The problem has persisted for a long time, but this particular galaxy, officially named Q2343-BX418, carried expected traits of first galaxies, which makes it one of the best analogs to uncover what galaxies looked soon after the universe came to be.

Releasing this characteristic, the astronomers used one of Keck Observatory's newest instruments, Keck Cosmic Web Imager (KCWI), to observe and analyze its halo, which was giving away a special kind of light.

"In the last several years, we've learned that the gaseous halos surrounding galaxies glow with a particular ultraviolet wavelength called Lyman alpha emission,” Dawn Erb, the lead author of the work, said in a statement. “There are a lot of different theories about what produces this Lyman alpha emission in the halos of galaxies, but at least some of it is probably due to light that is originally produced by star formation in the galaxy being absorbed and re-emitted by gas in the halo."

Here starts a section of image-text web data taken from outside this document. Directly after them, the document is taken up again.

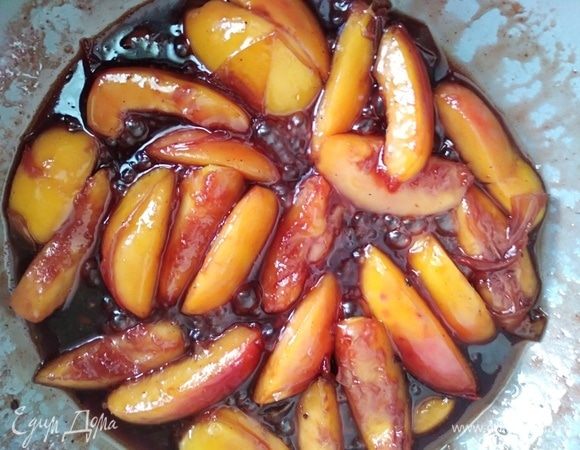 Персики станут мягкими, а соус загустеет.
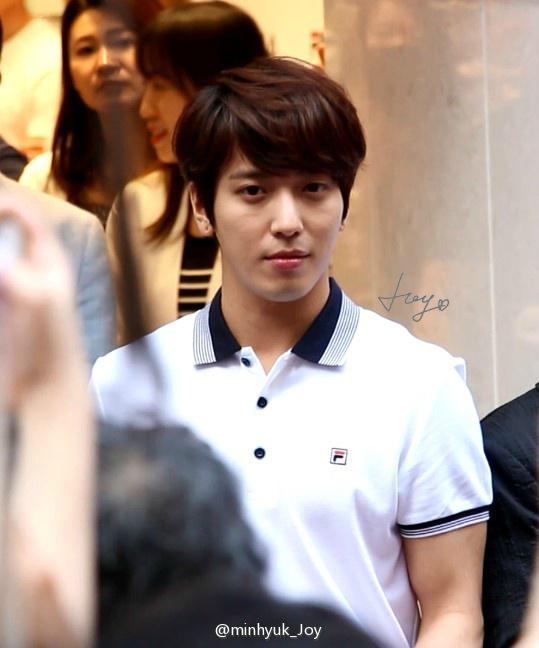 flowerJYH's tweet photo. ƳH★ #정용화 5.15 #FILA iSQUARE ⓒminhyuk_Joy
http://t.co/Quv3IFVKEM
http://t.co/qgNcbHiDSC
http://t.co/RGTVtKQV1b http://t.co/07v8wtDLeE
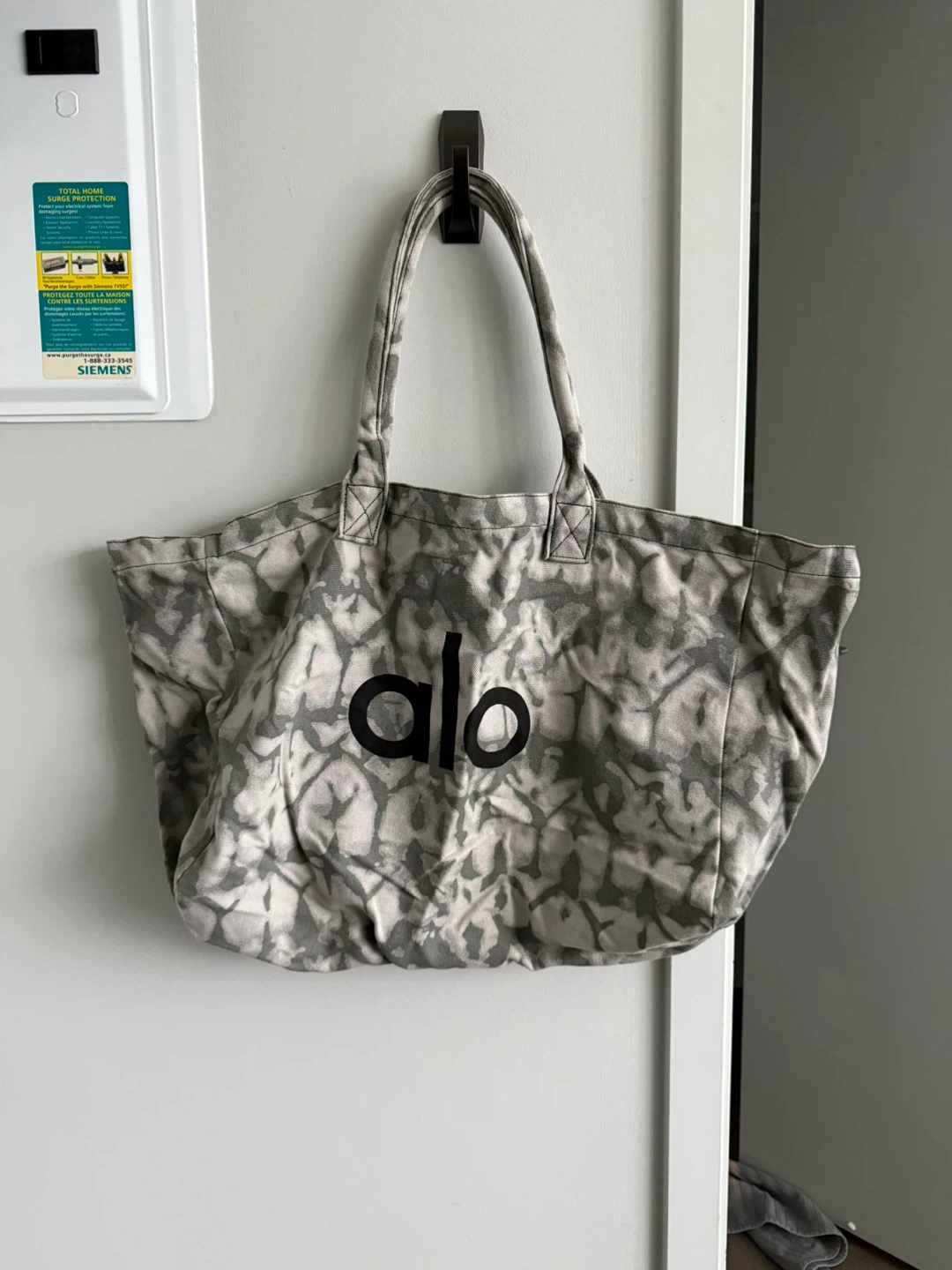Alo Yoga Tote Bag - Grey/White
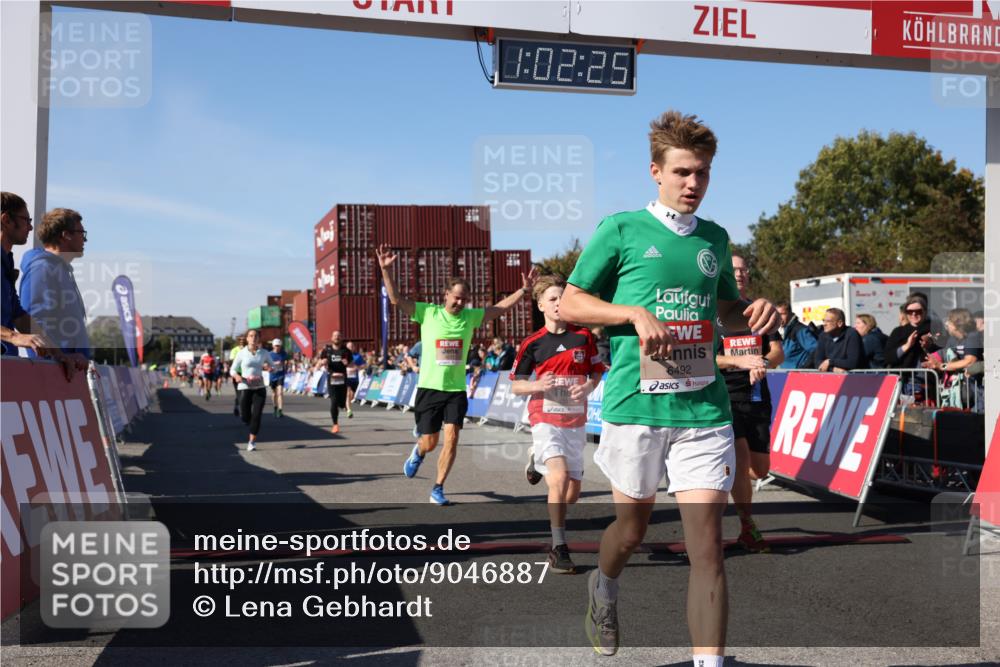 03.10.2025 - Köhlbrandbrückenlauf Lena Gebhardt http://msf.ph/oto/9046887 03.10.2025 13:02:25 Ziel 4130, 4187, 4271, 4277, 4337, 4380, 4492, 4783, 4946, 5080, 5617, 5697, 5747, 5784, 5845, 6465, 6492 meine-sportfotos.de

That said, hoping to find early star-formation related information, the team peered deep into the cosmos and obtained clearest-ever imagery of the galaxy and its halo with KCWI. The instrument revealed faint currents of gas in the halo and enabled the team to conduct a thorough spectral analysis of its light.

The work, which involved tracking the movement of gas, plotting its velocity and spatial extent, and creating a 3D map of its structure, revealed the gas from BX418 is escaping into the halo in a roughly spherical outflow. This indicates the star-formation activity is on a decline in the galaxy.

Scientists have long known galactic halo serves as that particular zone where gases can enter and exit a galaxy. The direction of their movement plays a significant role in determining the future of stars within it.

"Most of the ordinary matter in the universe isn't in the form of a star or a planet, but gas. And most of that gas exists not in galaxies, but around and between them," Erb added in the statement. "The inflow of new gas accreting into a galaxy provides fuel for new star formation, while outflows of gas limit a galaxy's ability to form stars by removing gas."

The results noted in this study support the latter scenario, but the researchers involved in the study have stressed this work has to be replicated and several young galaxies have to be studied before implying it as a general fact for all first galaxies of the universe.